Hamon Sauvé des Eaux
It’s a year and a half before the European elections of May 2019, which will be the voters’ first turn to give a verdict on the Macron presidency at the ballot box, but already the parties are maneuvering for the occasion. Today comes the news that Benoît Hamon, late of the Socialist Party and now the leader of a barely audible movement known as Génération.s, has forged an alliance with Yanis Varoufakis, the flamboyant ex-finance minister of Greece and leader of another barely audible movment, this one transnational, known as DiEm, for Democracy in Europe Movement.
The image that first came to mind when I heard this news was of Renoir’s film, Boudu sauvé des eaux, in which the clochard Boudu is rescued from the Seine after a suicide attempt. His rescuer is an amiable bookseller, who will in due course discover reasons to regret his good Samaritanism. The analogy doesn’t really work, because in this case Hamon, the drowning man, is perhaps a more amiable personality than his rescuer, who in any case is also drowning.
Still, one has to wish their two floundering movements well. There is a crying need for a calm and rational voice on the left between the hectoring Mélenchon and the all-conquering République en Marche, which often seems in danger of forgetting that it was supposed to be et de droite et de gauche.

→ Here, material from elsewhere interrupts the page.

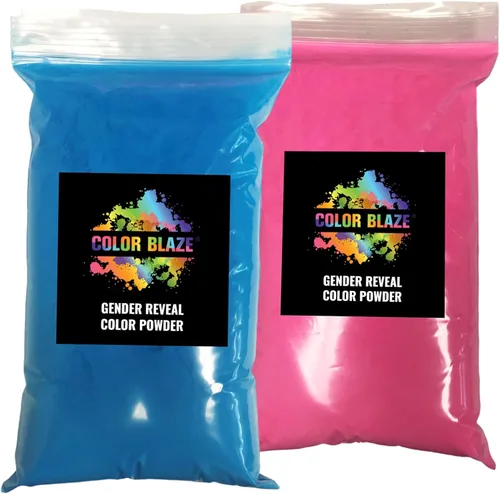 Color Blaze Polvo de revelación de género para bebé, 1 libra de color azul y 1 libra de color rosa, para niños o niñas, para el desgaste del Azul y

The Génération.s-DiEM alliance may find it difficult to establish a foothold in the increasingly fragmented French political landscape, but it might just be capable of articulating a few good ideas.
Photo Credit: Source, Boudu sauvé des eaux, via Wikimedia Commons, Fair Use.
3 Comments
great title evokes so well the content!!! great film! great metaphor
Well, I *like* Hamon, and I suppose that he represents the sort of left that I should support- not a Blair/Macron type convert to free markets, nor a Trot anachronism. I don’t like Varoufakis, but I suppose that the is the most conspicuous symbol of the correct left-wing position on Europe: stridently opposed to Eurozone enforced austerity, nevertheless pro European integration.

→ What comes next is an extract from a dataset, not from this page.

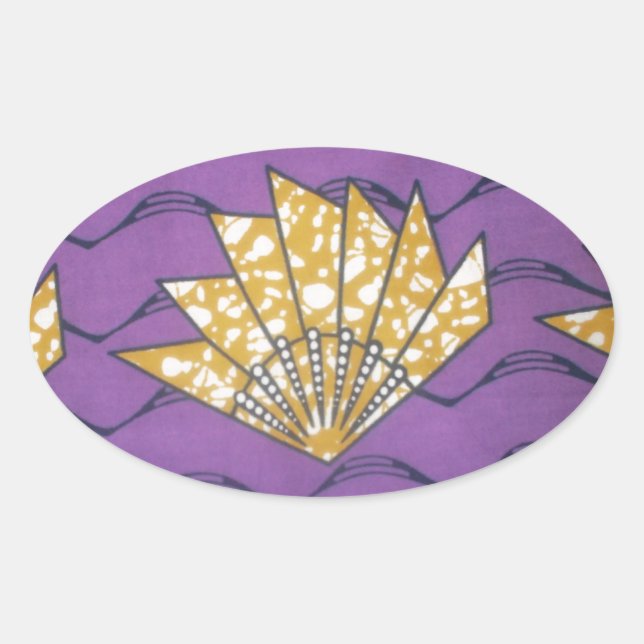 Abstract African Art: Purple Passion Waves Oval Sticker (Front)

I fear that Varoufakis unpopularity and his disastrous tenure in office also make him a symbol of why this sort of politics no longer works in the EU. The Euro has broken the traditional European center-left beyond repair.

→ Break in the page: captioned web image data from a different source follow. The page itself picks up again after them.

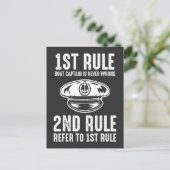 Bootskapitän Funny Rules Fisherman Sailor Postkarte (Stehend Vorderseite)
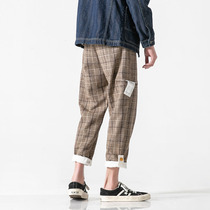 Gentleman Autumn Korean version of the Tide mens plaid long pants Japanese retro loose nine-point Haren pants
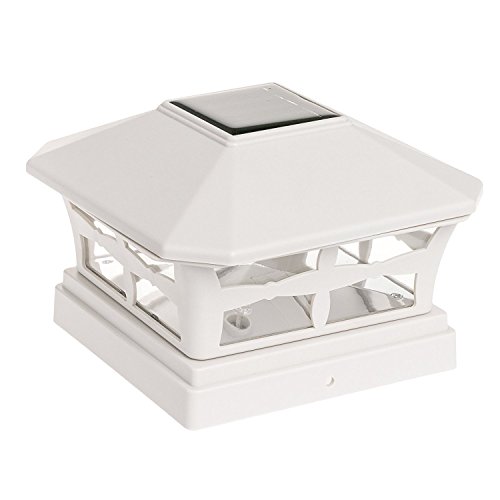 2 Pack Solar Power Garden Sun Light 5"x5" Post Cap Light (Off White)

Art, I’d be very interested to hear more on your view of Varoufakis. I know many people find him insufferably arrogant, but I was impressed by his book on the Greek crisis and think it’s remarkable that he’s actually trying to do something to bring about change in the Europe that he describes there, rather than withdrawing into cynicism. The substantial document that constitutes the DiEm manifesto (i.e. the long version) could be something that deserves Tocqueville’s attention?